Of all the animals of prey, man is the only sociable one.
Every one of us preys upon his neighbour, and yet we herd together.
The Beggar's Opera: John Gay

Friday 2 November 2012

GCSE English - definitely no shades of grey

The GCSE row still rumbles on, with the latest salvo being fired by Ofqual today:
Too much pressure on schools in England to get good GCSE grades led to over-generous marking of coursework by teachers, the exams watchdog concludes.
In its final report on the controversy over this summer's GCSE English exam, Ofqual says external examiners had to raise grade boundaries as a result.
This sweeping statement has sent a predictable ripple round the battlefield as the various parties involved marshal their troops accordingly.
Heads said it was "outrageous" to blame teachers for the fiasco which saw some pupils get lower grades than predicted.
Meanwhile the shadow schools minister naturally demanded that the government sort it out and the unions - most predictable of all - are bandying around words like 'scapegoat' and 'blatantly wrong':
"The accountability measures do place tremendous pressure on teachers and schools, especially at GCSE grade C, but to say that teachers would compromise their integrity to the detriment of students is an insult."
Ofqual's chief executive is clearly aware of the dangers of accusing teachers of professional misconduct and has instead taken refuge in an attitude so patronising it could curdle yoghurt:
Ms Stacey added she believed teachers had marked the test "optimistically", rather than with a deliberate intention to inflate grades. 
"They are doing their level best to do the best for their students and they are bound, given the pressures they are under, to take the most optimistic view."
All of which serves to reduce the battlefield to a chess-board; a simple black-and-white layout of opposing forces.

The unions do as they have always done and follow the classic script familiar from all those years of grade inflation - all our members are above reproach and to imply otherwise is to insult hard-working and dedicated men and women.

Ofqual, meanwhile, 'has evidence' of widespread over-marking, which it attributes to the new GCSE not being 'robust enough'; although it does not go so far as to blame teachers, it firmly lays at their door the inconsistencies that led to the adjustment of grade boundaries.

And lost in the middle is all the grey stuff - that some teachers are more scrupulous than others.
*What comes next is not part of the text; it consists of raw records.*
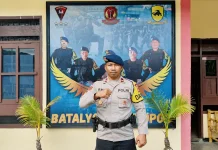 Menjelang HUT Ke-81 RI, Brimob Alor Ajak Warga Perkuat Persatuan dan Kondusivitas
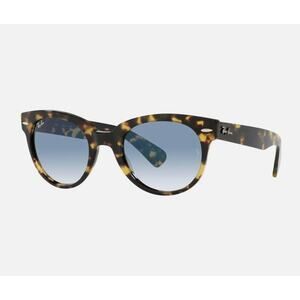 Ray-Ban Orion RB2199 Yellow Havana Tortoise Sunglasses Blue Gradient 52mm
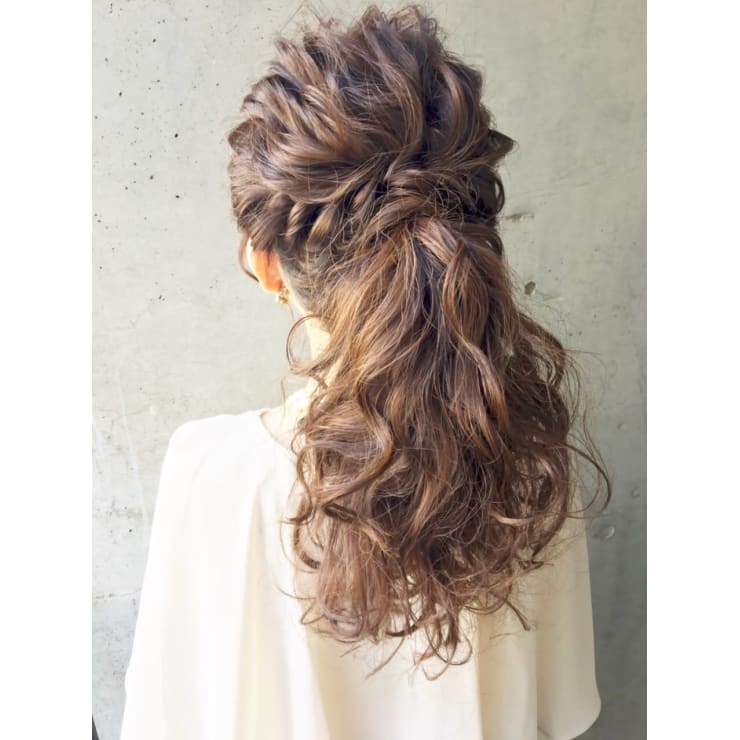 パーティーヘアセット カジュアルヘアアレンジ3500円 溝の口駅駅近サロン Schritt溝の口 シュリットミゾノクチ のこだわり特集 美容院 美容室を予約するなら楽天ビューティ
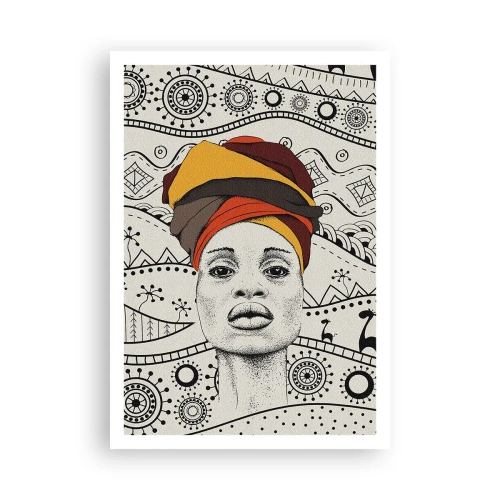 Affisch - Afrikanskt porträtt - 70x100 cm
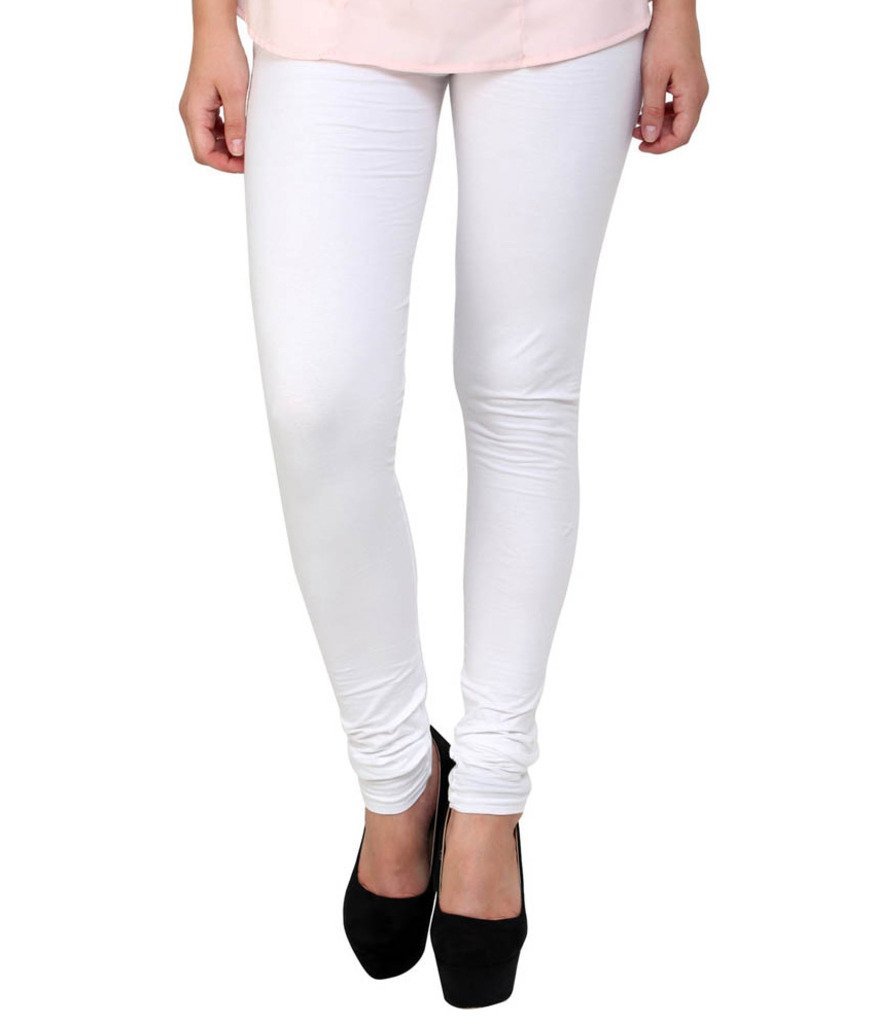 pi world Collection White Cotton Leggings-picture-14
Whatever the unions would have you believe, there are some teachers out there who will bend the rules to improve a pupil's grade, just as there are others who, whatever the pressures on them, would be deeply horrified at the very idea of awarding inflated marks for exam work.

Such ambiguity does not suit politics or, for that matter, media-friendly soundbites from Ofqual, who, as we know, are not themselves averse to the odd bit of behind-the-scenes tinkering with results to achieve the desired effect.

This looks very much like an attempt to bury a messy situation behind the kind of dramatic outrage that completely obscures its original cause. Look, the public will say, it's the teaching unions getting hot under the collar again; nothing to do with us.

Thus it is that, regardless of the impact on individual pupils whose teachers marked according to the strictest of criteria, the official regulator has decided to endorse what may yet come to be seen as a landmark example of unjustified collective punishment.



7 comments:

  1. Coursework should have SFA to do with the final result.

    Exams, exams, exams.

    Problem solved.

    But of course, as we all know, coursework is one of the methods employed to improve girls' result and lower boys' results, so it's here to stay.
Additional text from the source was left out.